**Work instructions:**
From the line that holds "बस्ती में युवक" down to the last line of the listing below, reproduce each line exactly and nothing more, omitting pictures.

────

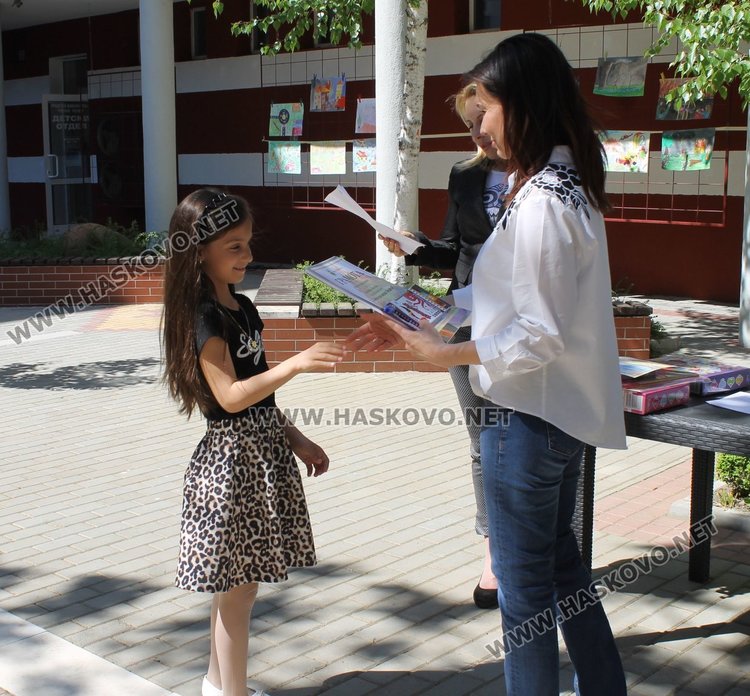 Отличиха 28 димитровградски деца, рисували за бедата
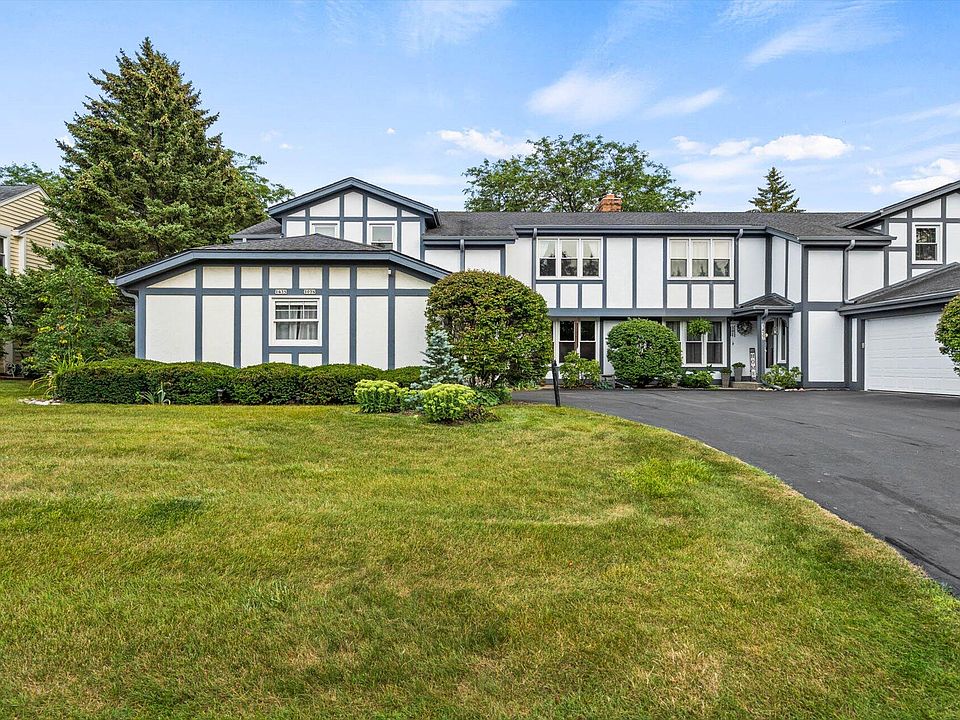 1st image of 1435 W De La Warr Cir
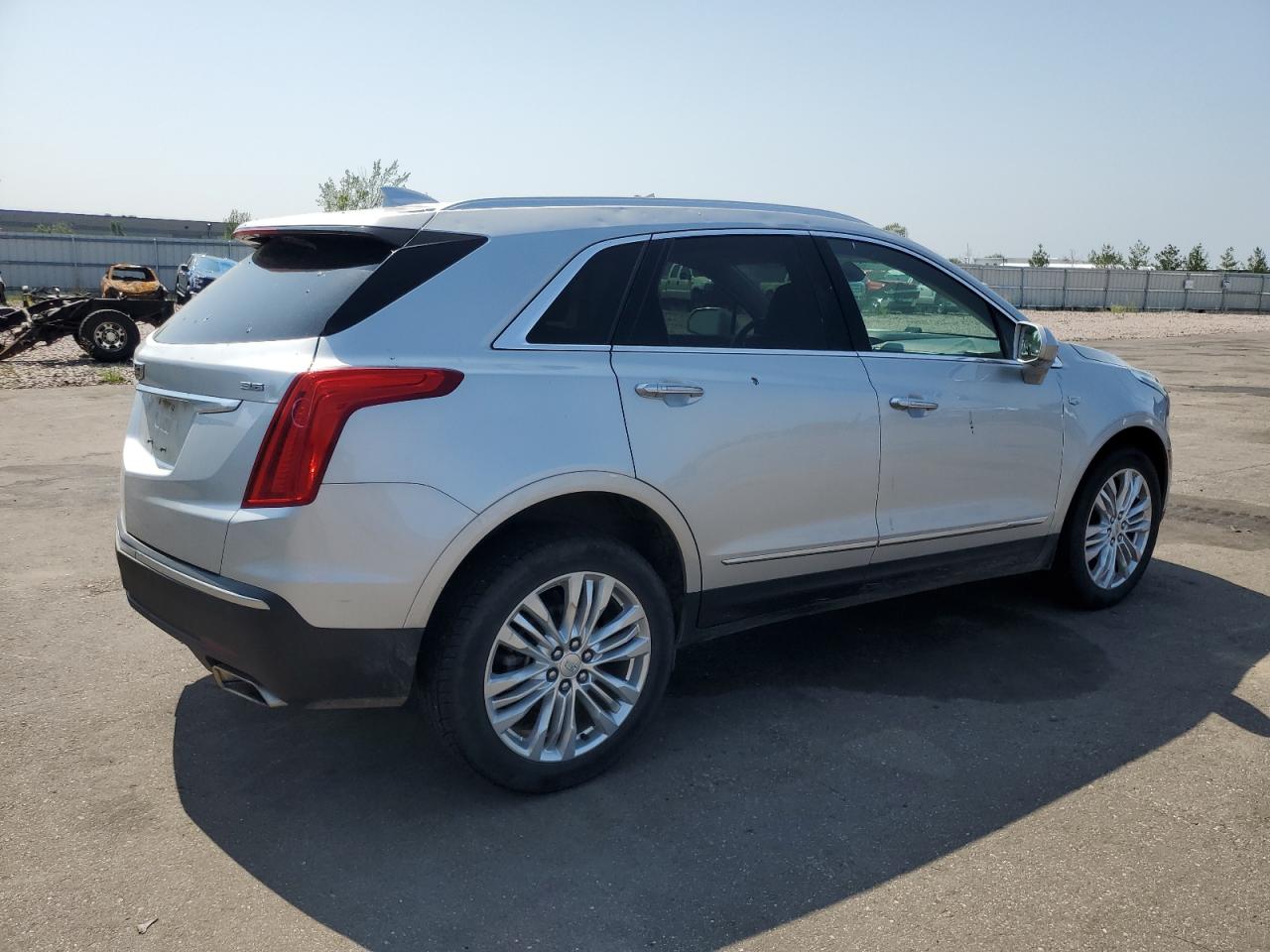 Photo 2 VIN: 1GYKNFRS9JZ245582 - CADILLAC XT5 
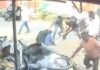 बस्ती में युवक पर दबंगों का हमला:लोहे की रॉड से पीटा, CCTV में कैद हुई घटना; घायल अस्पताल में भर्ती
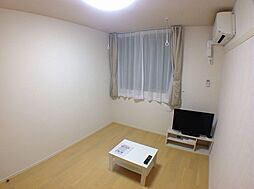 クレイノ西調布 1階1Kのリビング/ダイニング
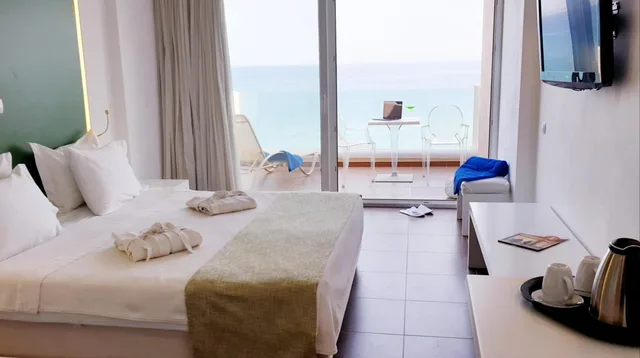 غرفة ديلوكس بسرير مزدوج أو سريرين منفصلين بإطلالة على البحر، Erytha Hotel &amp; Resort 2/10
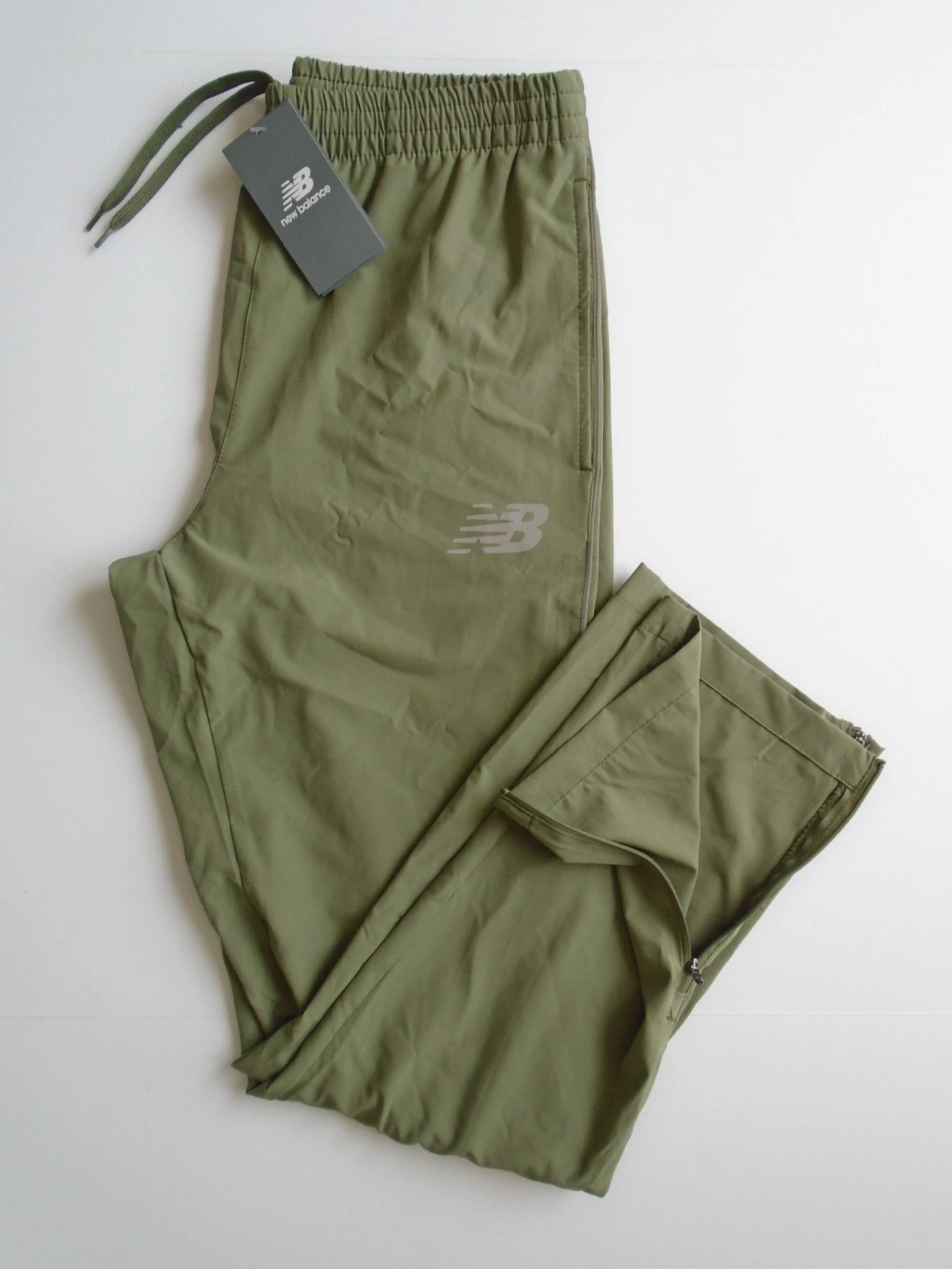 NEW BALANCE All Motion JOGGERS Mens Running Pants Green Size M
Opens in a new window or tab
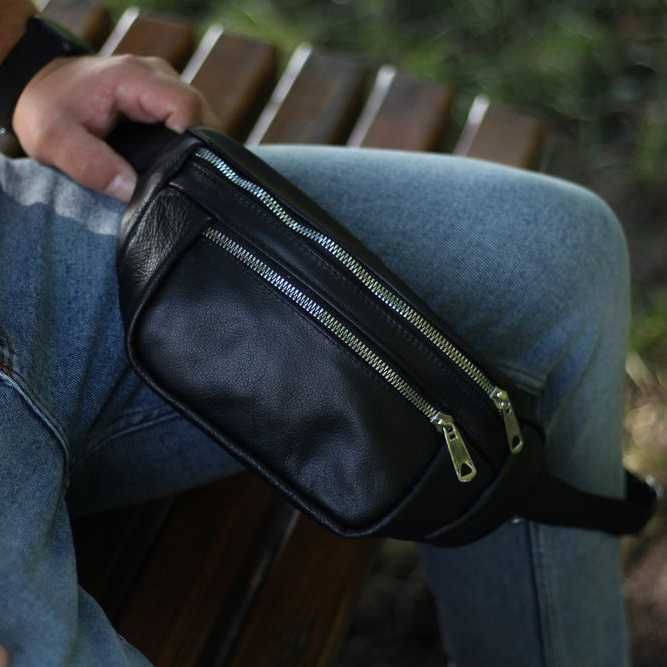 Кожаная качественная бананка c серебряным замком. Цвет: черный.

────

**Finished task:**
 बस्ती में युवक पर दबंगों का हमला:लोहे की रॉड से पीटा, CCTV में कैद हुई घटना; घायल अस्पताल में भर्ती
 クレイノ西調布 1階1Kのリビング/ダイニング
 غرفة ديلوكس بسرير مزدوج أو سريرين منفصلين بإطلالة على البحر، Erytha Hotel &amp; Resort 2/10
 NEW BALANCE All Motion JOGGERS Mens Running Pants Green Size M
Opens in a new window or tab
 Кожаная качественная бананка c серебряным замком. Цвет: черный.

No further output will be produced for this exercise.